* Task statement *
Leave every picture out, and retype all the remaining records exactly.

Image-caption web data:
+ + +
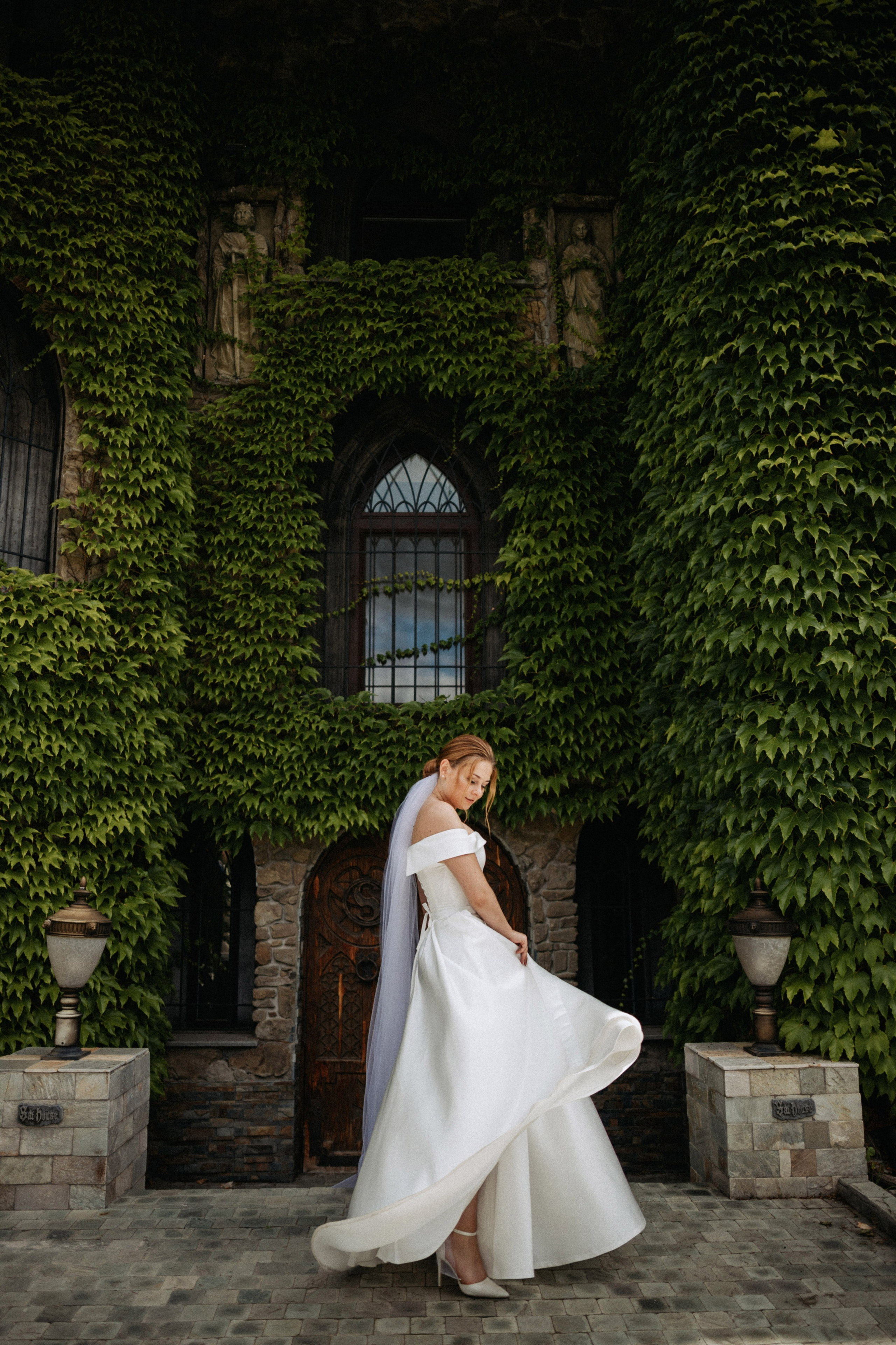 “La sposa si erge con grazia davanti a un bellissimo edificio ricoperto di edera, con il suo abito da sposa che scorre elegantemente mentre guarda verso il basso. Il morbido stile off-the-shoulder del suo abito e il suo velo aggiungono un'atmosfera romantica, rendendo questo momento perfetto catturato in un ambiente naturale”.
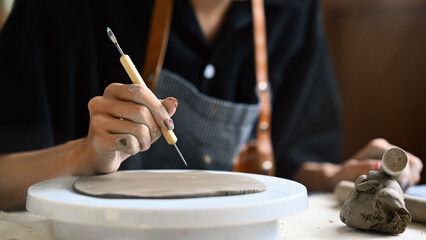 Close-up image of a Young artisan carving and decorating flatting clay with imprint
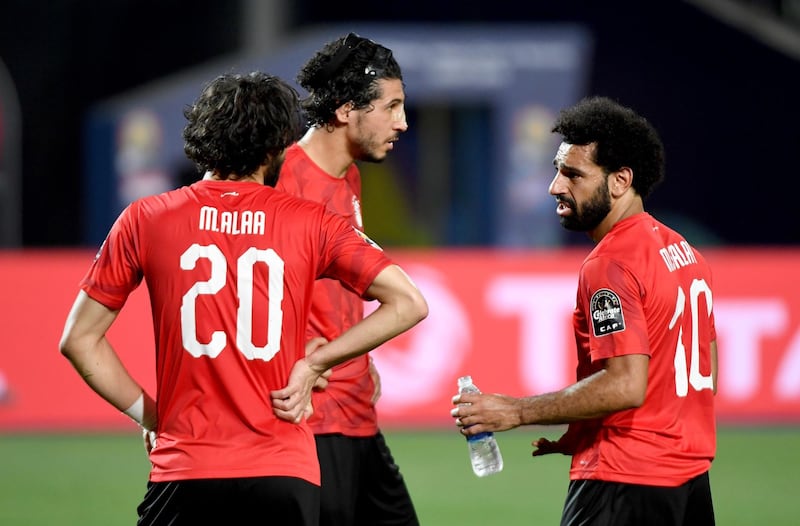 Egypt defender Ahmed Hegazi speaks with Mohamed Salah and defender Mahmoud Alaa. AFP
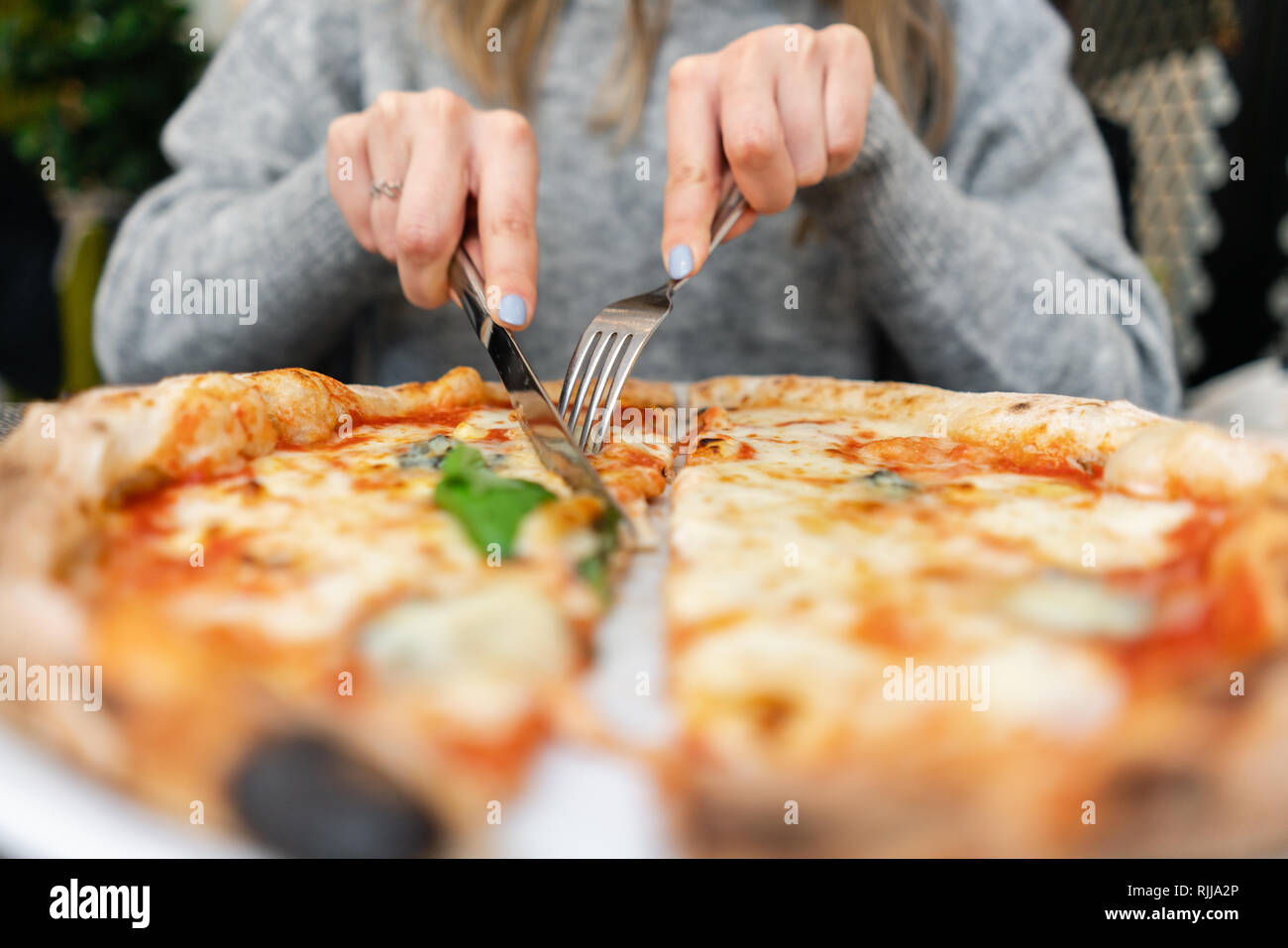Woman Eats With Knife And Fork A Pizza Margherita With Mozzarella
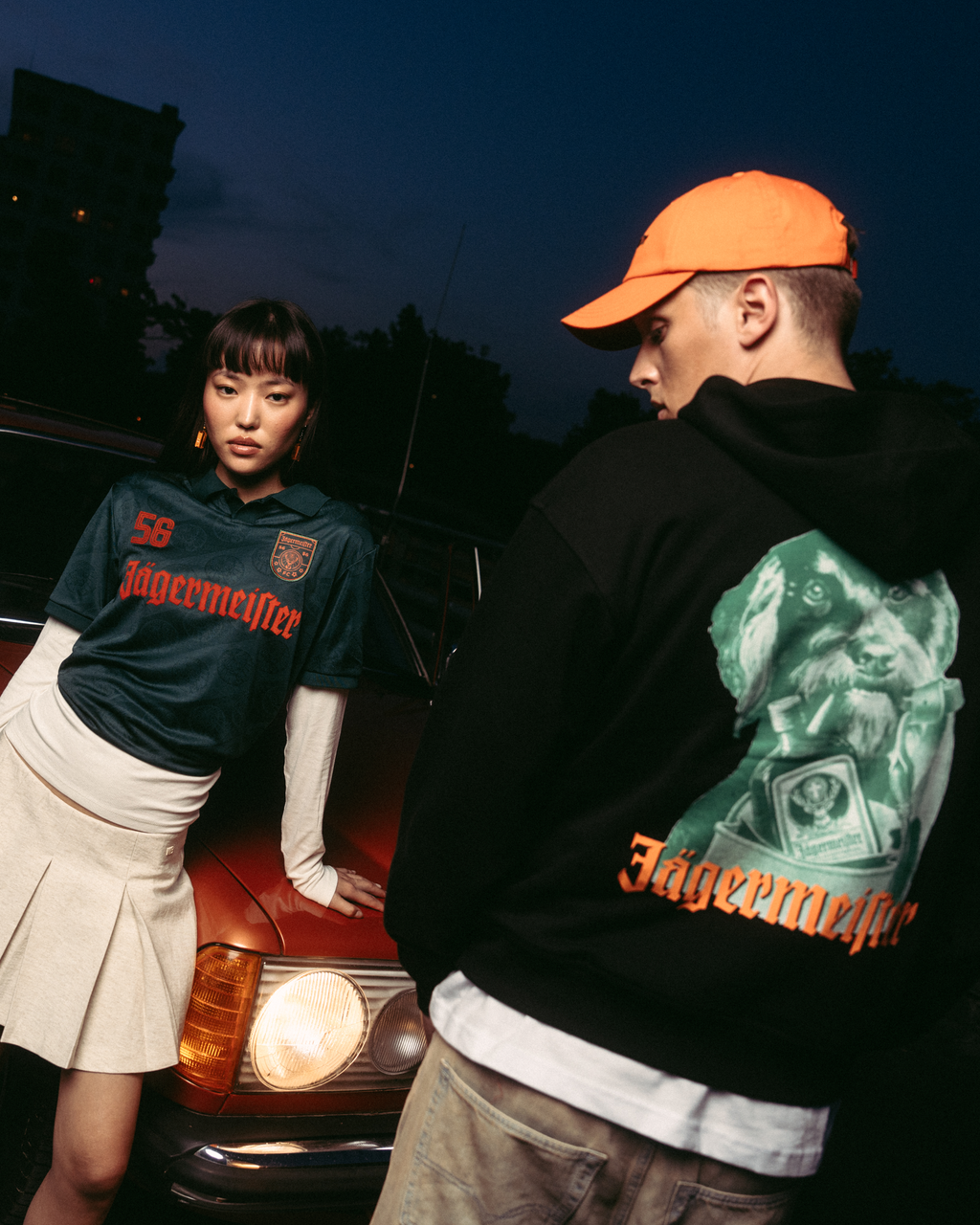 Twee modellen poseren voor een vintage rode auto in de schemering. Eén model draagt een donkergroen Jägermeister-shirt met een witte geplooide rok, en de ander draagt een zwarte Jägermeister Waldi hoodie en een oranje Jägermeister Dad cap.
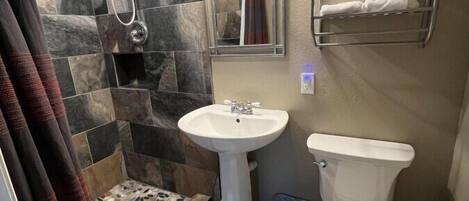 A bathroom with a shower, a sink, and a toilet. There is a towel rack with towels, a mirror, and a window.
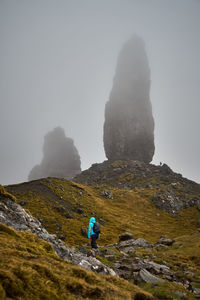 Hiker standing on mountain during foggy weather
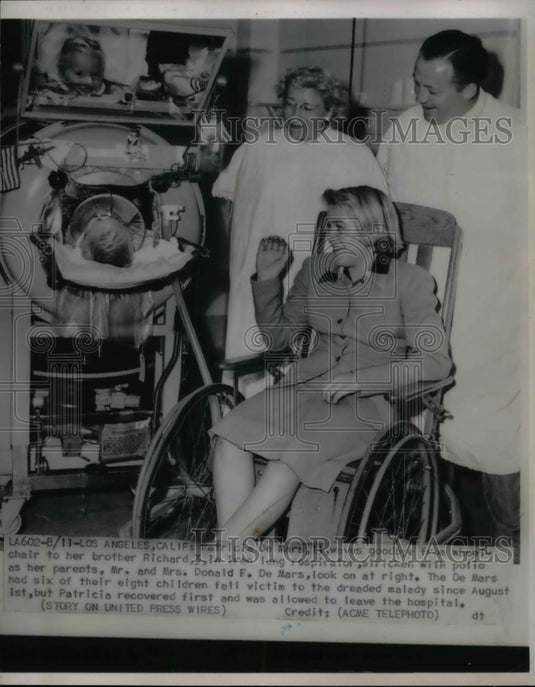 1951 Patricia DeMars waves goodbye to her brother Richard, 3 - Historic Images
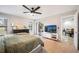 Main bedroom with a king-size bed, TV, and access to a back patio at 1413 Sandalwood Dr, Plant City, FL 33563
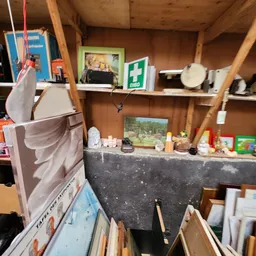 Schappen en werkblad in kringloopwinkel met diverse gebruikte voorwerpen, eerste hulpkist en afbeeldingen aan de muur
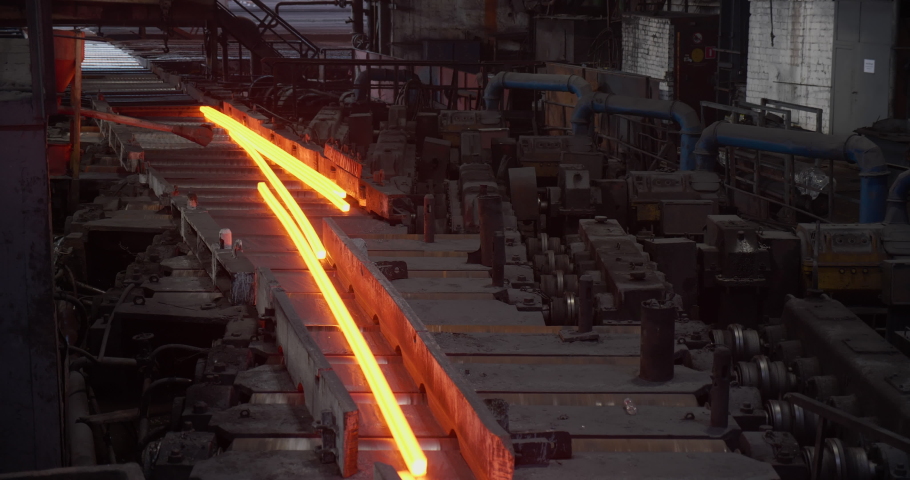 Hot steel rail on a conveyor in a metallurgical plant. Rolling shop. Business concept, modern steel production technology
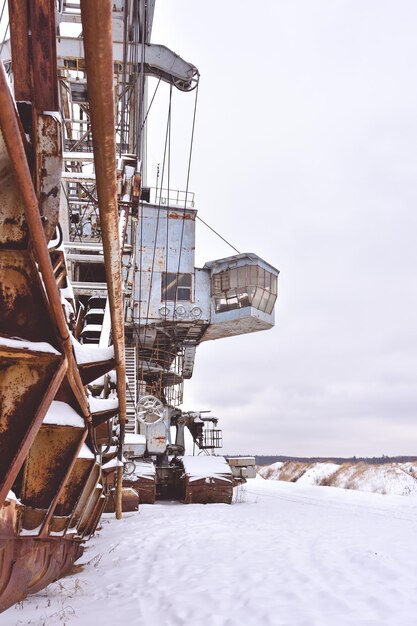 Abandoned giant bucket wheel excavator stands in a field in winter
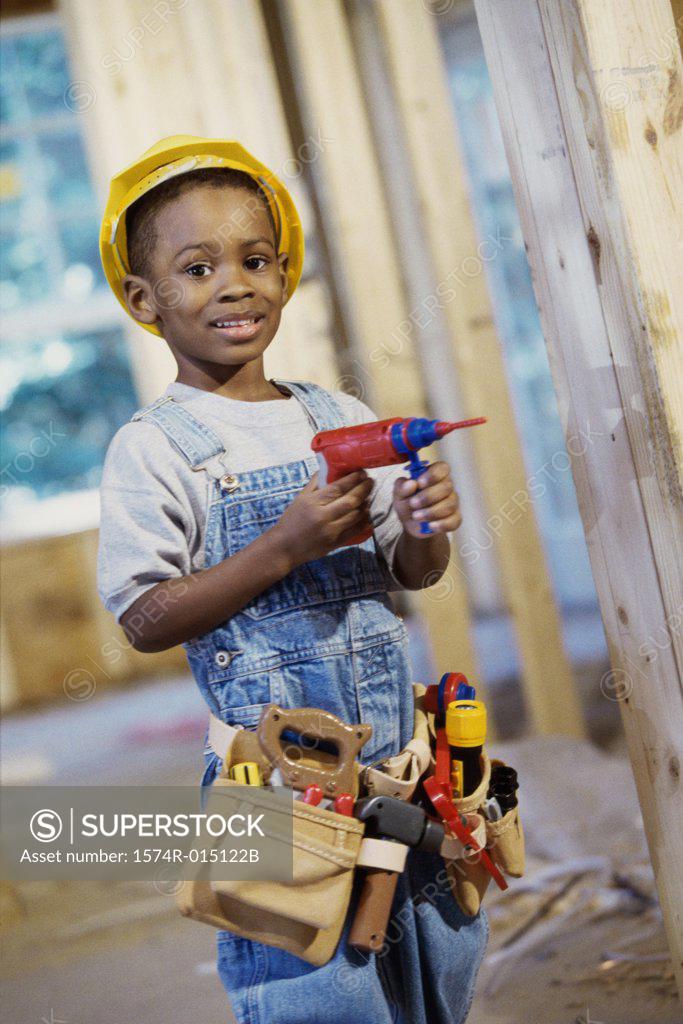Stock Photo: 1574R-015122B Portrait of a boy dressed as a construction worker holding a toy drill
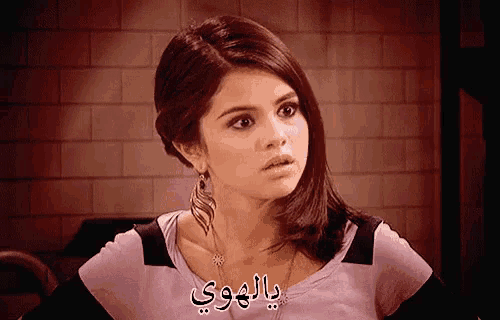 a woman wearing a purple shirt has arabic writing on her chest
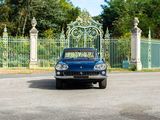a blue car that is parked in front of a gate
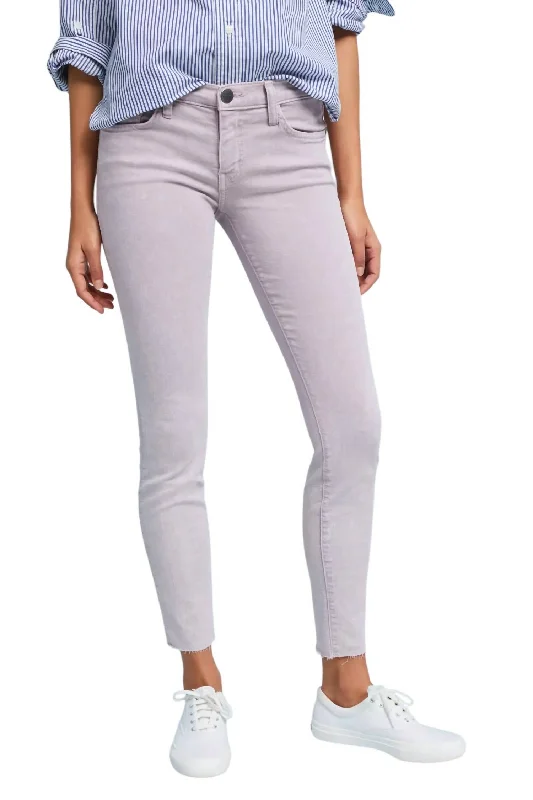 women's high-waisted skinny jeans -The Stiletto Skinny Stretch Raw Hem Jean In Purple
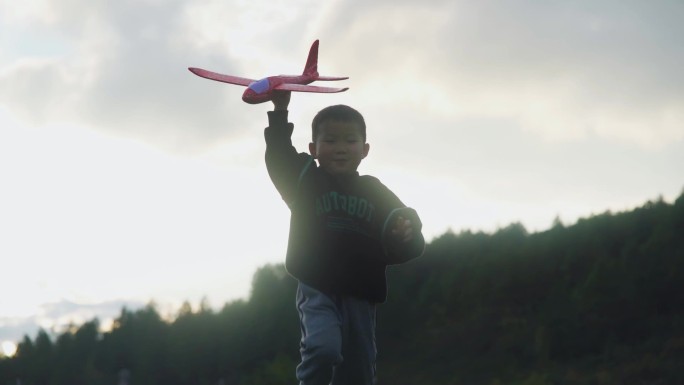 小孩拿着飞机模型草地逆光奔跑孩子微笑脸庞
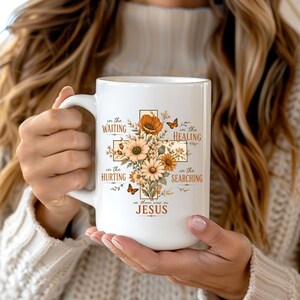 May include: A white ceramic mug featuring a central cross design composed of orange and cream-colored flowers and small butterflies. The text reads: in the WAITING, in the HEALING, in the HURTING, in the SEARCHING, as there was on JESUS.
+ + +
* Answer *
 “La sposa si erge con grazia davanti a un bellissimo edificio ricoperto di edera, con il suo abito da sposa che scorre elegantemente mentre guarda verso il basso. Il morbido stile off-the-shoulder del suo abito e il suo velo aggiungono un'atmosfera romantica, rendendo questo momento perfetto catturato in un ambiente naturale”.
 Close-up image of a Young artisan carving and decorating flatting clay with imprint
 Egypt defender Ahmed Hegazi speaks with Mohamed Salah and defender Mahmoud Alaa. AFP
Woman Eats With Knife And Fork A Pizza Margherita With Mozzarella
 Twee modellen poseren voor een vintage rode auto in de schemering. Eén model draagt een donkergroen Jägermeister-shirt met een witte geplooide rok, en de ander draagt een zwarte Jägermeister Waldi hoodie en een oranje Jägermeister Dad cap.
 A bathroom with a shower, a sink, and a toilet. There is a towel rack with towels, a mirror, and a window.
 Hiker standing on mountain during foggy weather
 1951 Patricia DeMars waves goodbye to her brother Richard, 3 - Historic Images
 Main bedroom with a king-size bed, TV, and access to a back patio at 1413 Sandalwood Dr, Plant City, FL 33563
 Schappen en werkblad in kringloopwinkel met diverse gebruikte voorwerpen, eerste hulpkist en afbeeldingen aan de muur
 Hot steel rail on a conveyor in a metallurgical plant. Rolling shop. Business concept, modern steel production technology
 Abandoned giant bucket wheel excavator stands in a field in winter
Stock Photo: 1574R-015122B Portrait of a boy dressed as a construction worker holding a toy drill
 a woman wearing a purple shirt has arabic writing on her chest
a blue car that is parked in front of a gate
 women's high-waisted skinny jeans -The Stiletto Skinny Stretch Raw Hem Jean In Purple
 小孩拿着飞机模型草地逆光奔跑孩子微笑脸庞
 May include: A white ceramic mug featuring a central cross design composed of orange and cream-colored flowers and small butterflies. The text reads: in the WAITING, in the HEALING, in the HURTING, in the SEARCHING, as there was on JESUS.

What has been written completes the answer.